ある時期、僕は写真を撮る人をよく撮っていた。たとえば珍しい鉄道に向けられたカメラの砲列も撮ったし、コミケに行って人気のレイヤーさんがカメラに取り囲まれる光景も撮った。でも撮っていて一番おもしろかったのはセルフィー、つまり自撮りをしている人たちだ。それをひとつの作品にまとめようと考えていた。残念ながらそれは他の写真家に先を越されてしまったが、モチーフとして今でも撮ることは多い。
4年ほど渋谷スクランブル交差点を撮り続けた写真で「#shibuyacrossing」という写真展を行ったこともあるが、そこにはスナップやセルフィーを撮る観光客がたくさん登場した。スペイン語(たぶん)をしゃべっていたこのカップルも、これとは別の全身を写したカットを展示している。声を掛けて撮らせてもらったので、実はカメラ目線の笑顔もあるのだが、チャーミングなのは圧倒的にセルフィーを撮っているこちらだ。線路脇の鉄ちゃんもコミケのカメコさんもそうだが、写真を撮っている人は総じて楽しそうに見える。翻って自分は楽しそうだろうか。
フィルムで写真を撮っていた頃は、ちゃんと撮れたかわかるのは先の話。だから撮り終わった人は淡々としていたと思う。記念写真も同じだ。撮り終わったその場で盛り上がるのは、まさにデジカメの恩恵である。

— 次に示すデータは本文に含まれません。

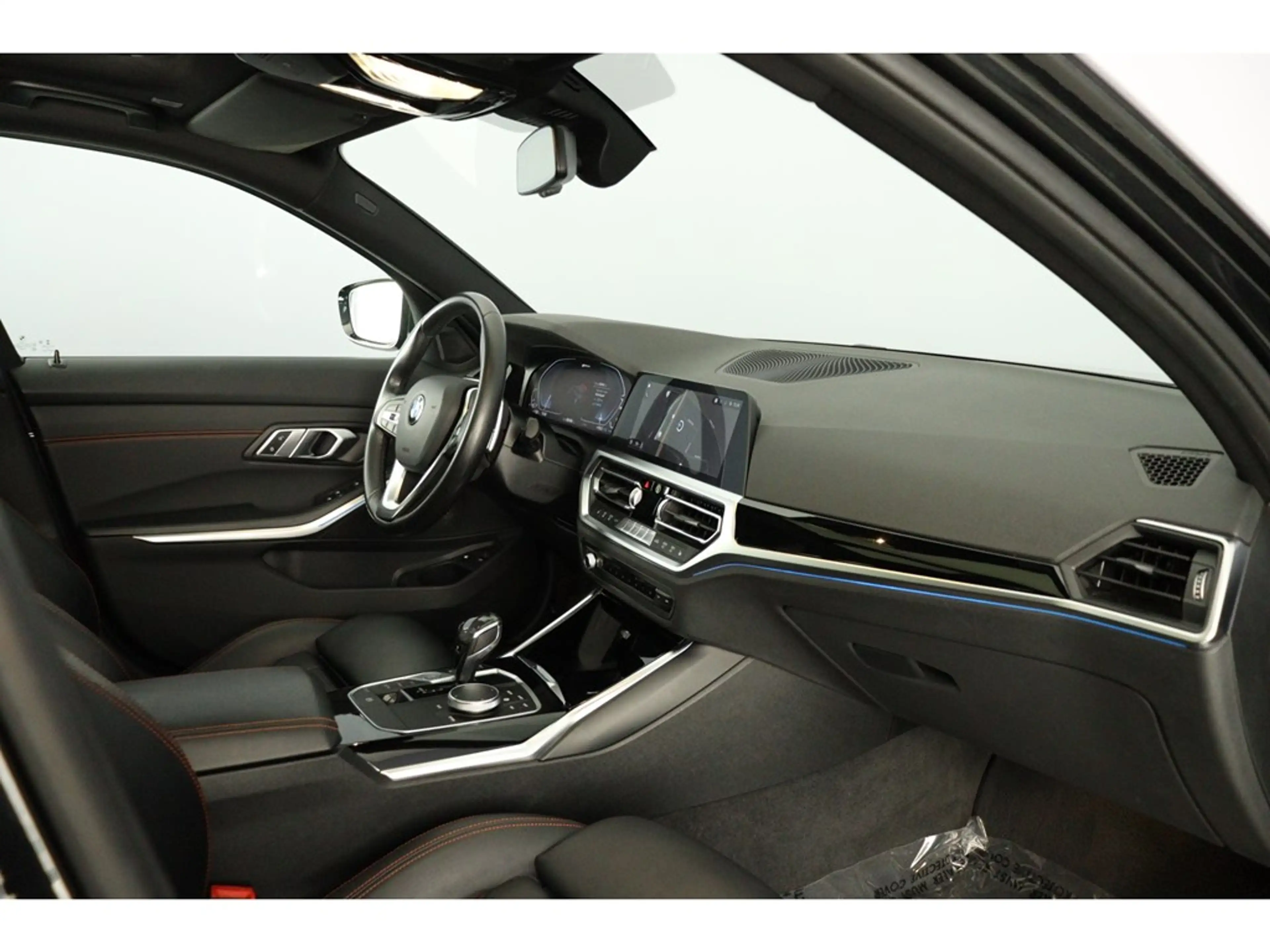 BMW 330 e Touring 292pk Sport Pack Travel — photo 11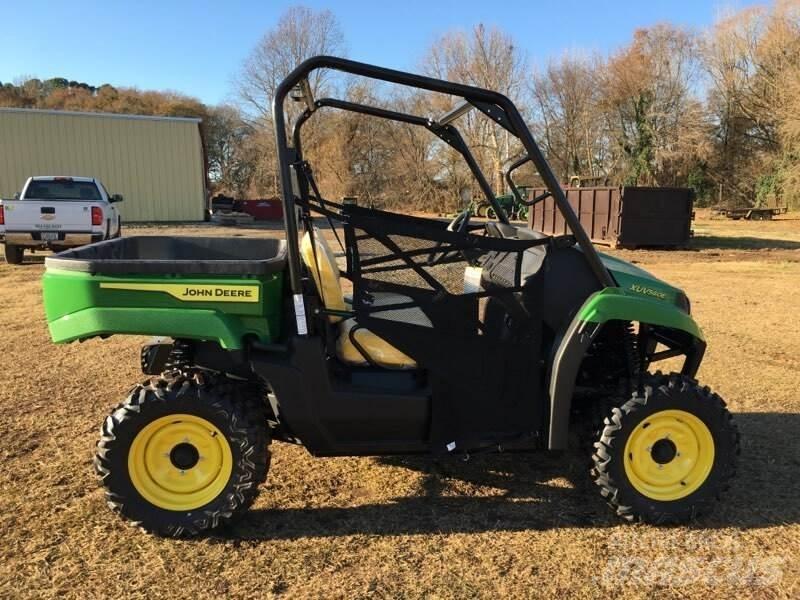John Deere 560E Підсобні машини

写真を撮ってよかったと思う瞬間はいろいろあるが、僕はこうした撮る方も見る方も楽しさを共有できる瞬間ではないかと思う。本書を手にとったあなたもは、写真を楽しく撮っているだろうか。もしかしてうまく撮れないと、険しい表情になっていないだろうか。そんなときは視野を広げ、目先を変えてみよう。楽しく撮らないと、楽しそうな写真は絶対に撮れないのだ。